* _Source data_
-------------------------
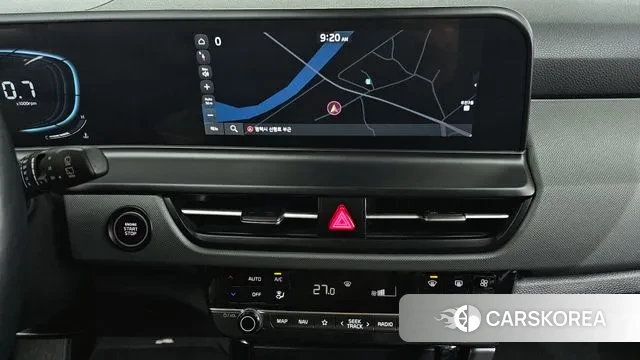 Kia The New Seltos 2024 Синий из Кореи, фото 5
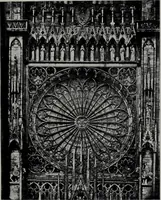 An illustration from Mediæval art, from the peace of the church to the eve of the renaissance, 312-1350 (1904)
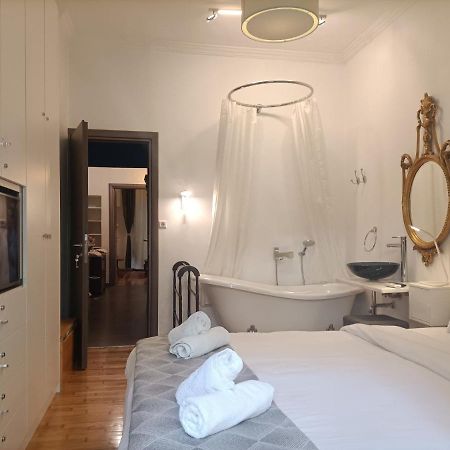 אתונה Elegant Apartment מראה חיצוני תמונה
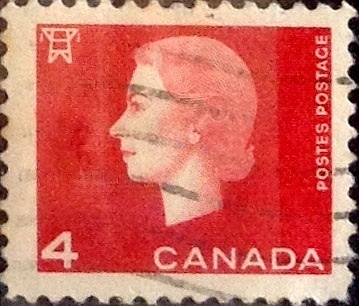 Intercambio 0,20 usd 4 cent 1963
-------------------------
* _Problem statement_
Once the pictures are set aside, give every line above again without alteration.

* _Completed task_
 Kia The New Seltos 2024 Синий из Кореи, фото 5
 An illustration from Mediæval art, from the peace of the church to the eve of the renaissance, 312-1350 (1904)
 אתונה Elegant Apartment מראה חיצוני תמונה
 Intercambio 0,20 usd 4 cent 1963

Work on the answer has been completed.